Start of Block
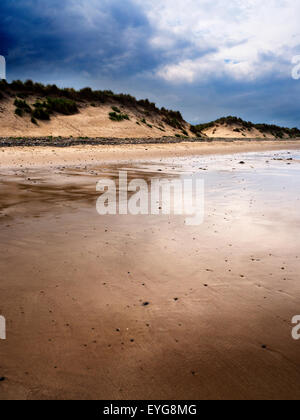 Dunkle Wolken über Sanddünen und nassen Sand am Hauxley Strand schlendern Sie durch das Meer Northumberland England Stockfoto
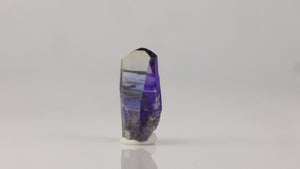 transparent natural tanzanite crystal with color zoning
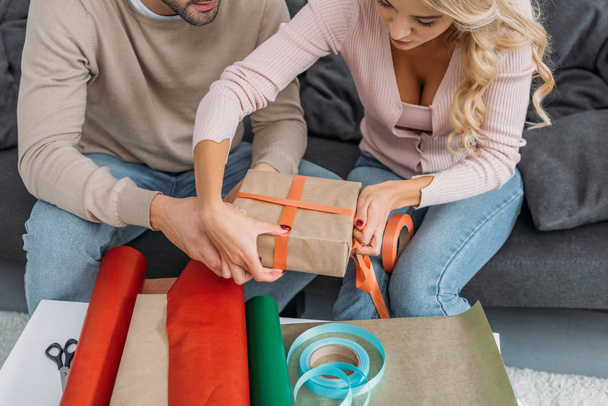 cropped image of couple wrapping christmas gift box together at home - Foto, Imagen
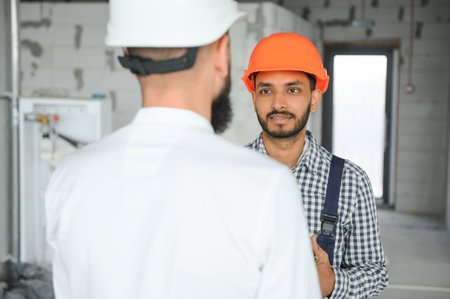 Happy workers at construction site, young civil engineer manager and architects. Indian and Arabian...
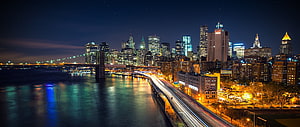 Panoramic Night View of the Manhattan Skyline with Brooklyn Bridge and East River HD wallpaper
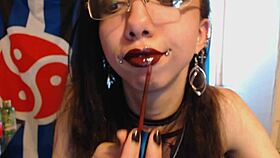 Young goth details lipstick and nipple play
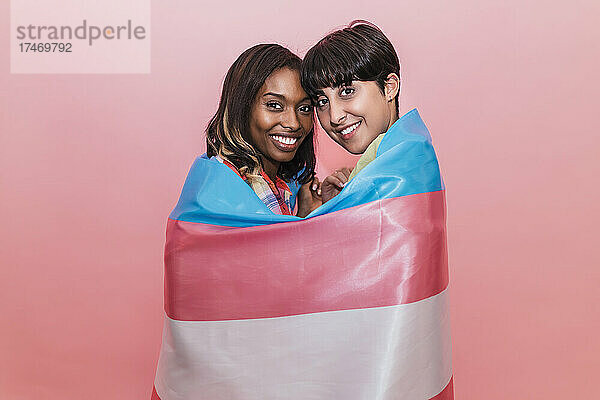 Lächelnde Freundinnen mit Transgender-Flagge vor rosa Hintergrund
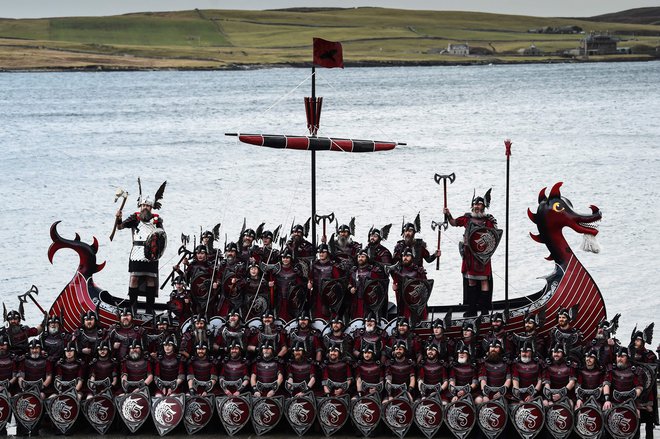 Člani skupine Jarl Squad pozirajo s svojo vikinško ladjo v Lerwicku na Šetlandskih otokih pred uradnim začetkom festivala &raquo;Up Helly Aa&laquo;. Up Helly Aa praznuje vpliv skandinavskih Vikingov na Šetlandskih otokih, vrhunec pa se zgodi, ko se stemni in 1000 &raquo;guizerjev&laquo; (moški v kostumih), meče goreče bakle v svoj vikinški čoln, ki ga na koncu zažgejo. Foto: Andy Buchanan/Afp

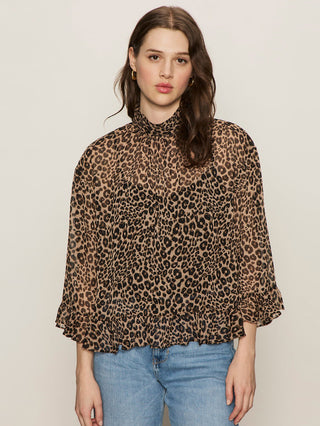 a sheer crinkled cheetah print blouse with ruffled three quarter sleeves and a high neck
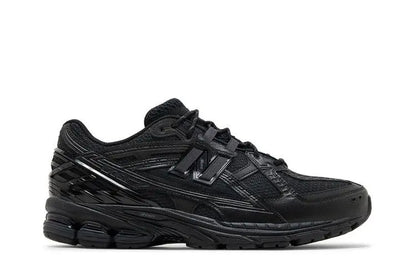 1906U Triple Black VOSneakers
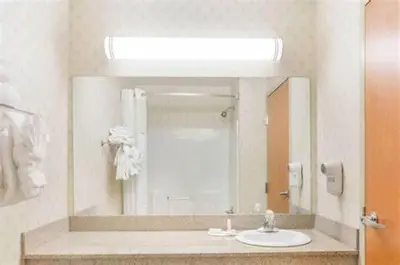 a bathroom with a sink and a mirror at Quality Inn Huntington University Area in Huntington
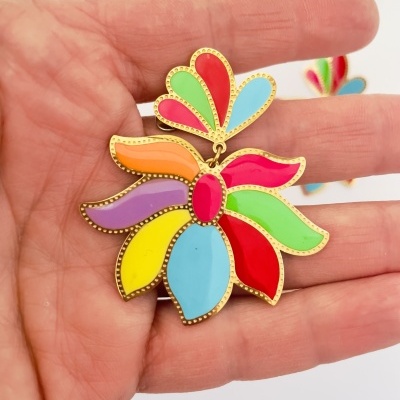 Brinco grande colorido em forma de flor segurado numa mão.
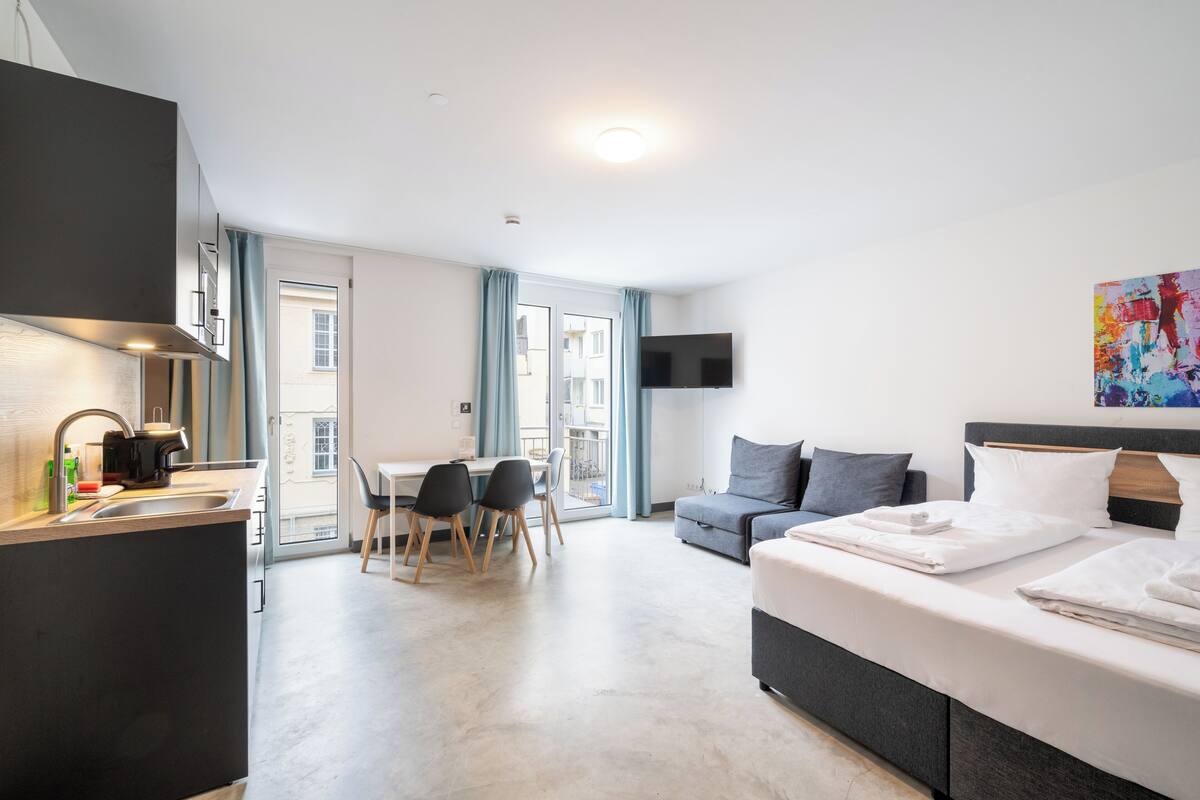 A modern hotel room with a kitchenette, a dining area, a sofa, and a bed.
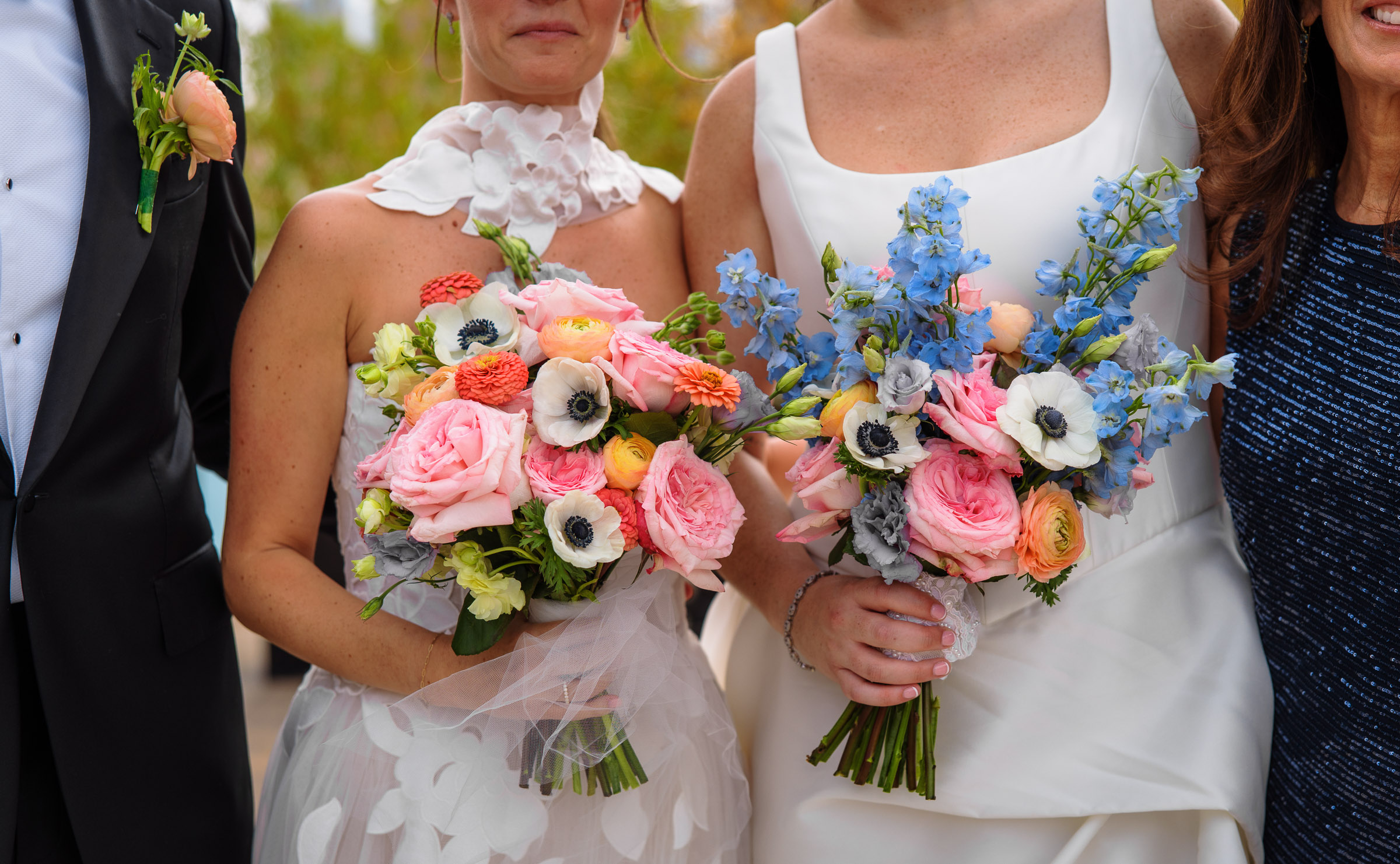 Colorful summer bouquets in pink, blue, peach, and white held by the wedding party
End of Block
- What the task requires:
Repeat, exactly and with no pictures, each line from the line that holds "a sheer crinkled" through the last line of the records above.

- Answer:
 a sheer crinkled cheetah print blouse with ruffled three quarter sleeves and a high neck
 1906U Triple Black VOSneakers
 a bathroom with a sink and a mirror at Quality Inn Huntington University Area in Huntington
 Brinco grande colorido em forma de flor segurado numa mão.
 A modern hotel room with a kitchenette, a dining area, a sofa, and a bed.
 Colorful summer bouquets in pink, blue, peach, and white held by the wedding party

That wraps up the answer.